_TASK STATEMENT_. Among the entries below, only the lines starting at the one with "30460 Promontory, Buena" and ending at the one with "Ted Baker sunglasses, Ted", both included, are to be printed exactly.

[[ DATA SUPPLIED open ]]

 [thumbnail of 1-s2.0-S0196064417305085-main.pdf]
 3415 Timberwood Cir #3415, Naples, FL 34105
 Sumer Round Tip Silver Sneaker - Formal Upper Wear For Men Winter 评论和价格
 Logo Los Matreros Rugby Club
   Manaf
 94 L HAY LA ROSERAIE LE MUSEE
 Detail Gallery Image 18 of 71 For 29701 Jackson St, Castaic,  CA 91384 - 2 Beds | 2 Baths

[[ DATA SUPPLIED closed ]]
[[ DATA SUPPLIED open ]]

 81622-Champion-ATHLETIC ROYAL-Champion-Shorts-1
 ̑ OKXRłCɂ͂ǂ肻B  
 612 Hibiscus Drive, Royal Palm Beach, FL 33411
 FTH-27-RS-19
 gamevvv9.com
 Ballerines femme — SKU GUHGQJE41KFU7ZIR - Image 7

[[ DATA SUPPLIED closed ]]
[[ DATA SUPPLIED open ]]

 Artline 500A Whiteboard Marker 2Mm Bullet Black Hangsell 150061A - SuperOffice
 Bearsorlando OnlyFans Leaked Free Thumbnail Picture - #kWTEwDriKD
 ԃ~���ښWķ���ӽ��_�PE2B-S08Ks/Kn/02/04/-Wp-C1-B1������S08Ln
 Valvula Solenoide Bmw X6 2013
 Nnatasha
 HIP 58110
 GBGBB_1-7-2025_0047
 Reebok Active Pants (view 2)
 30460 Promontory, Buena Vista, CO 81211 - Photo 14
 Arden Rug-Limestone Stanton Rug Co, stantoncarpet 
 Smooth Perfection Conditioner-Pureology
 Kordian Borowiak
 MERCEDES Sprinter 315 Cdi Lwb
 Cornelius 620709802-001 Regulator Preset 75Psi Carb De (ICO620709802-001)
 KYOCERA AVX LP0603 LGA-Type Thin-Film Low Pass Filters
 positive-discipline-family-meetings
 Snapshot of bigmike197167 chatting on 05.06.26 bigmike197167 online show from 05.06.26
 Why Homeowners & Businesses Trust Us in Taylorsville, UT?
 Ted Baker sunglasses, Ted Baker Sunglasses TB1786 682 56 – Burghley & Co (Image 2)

[[ DATA SUPPLIED closed ]]

_RESPONSE TO THIS EXERCISE_.
 30460 Promontory, Buena Vista, CO 81211 - Photo 14
 Arden Rug-Limestone Stanton Rug Co, stantoncarpet 
 Smooth Perfection Conditioner-Pureology
 Kordian Borowiak
 MERCEDES Sprinter 315 Cdi Lwb
 Cornelius 620709802-001 Regulator Preset 75Psi Carb De (ICO620709802-001)
 KYOCERA AVX LP0603 LGA-Type Thin-Film Low Pass Filters
 positive-discipline-family-meetings
 Snapshot of bigmike197167 chatting on 05.06.26 bigmike197167 online show from 05.06.26
 Why Homeowners & Businesses Trust Us in Taylorsville, UT?
 Ted Baker sunglasses, Ted Baker Sunglasses TB1786 682 56 – Burghley & Co (Image 2)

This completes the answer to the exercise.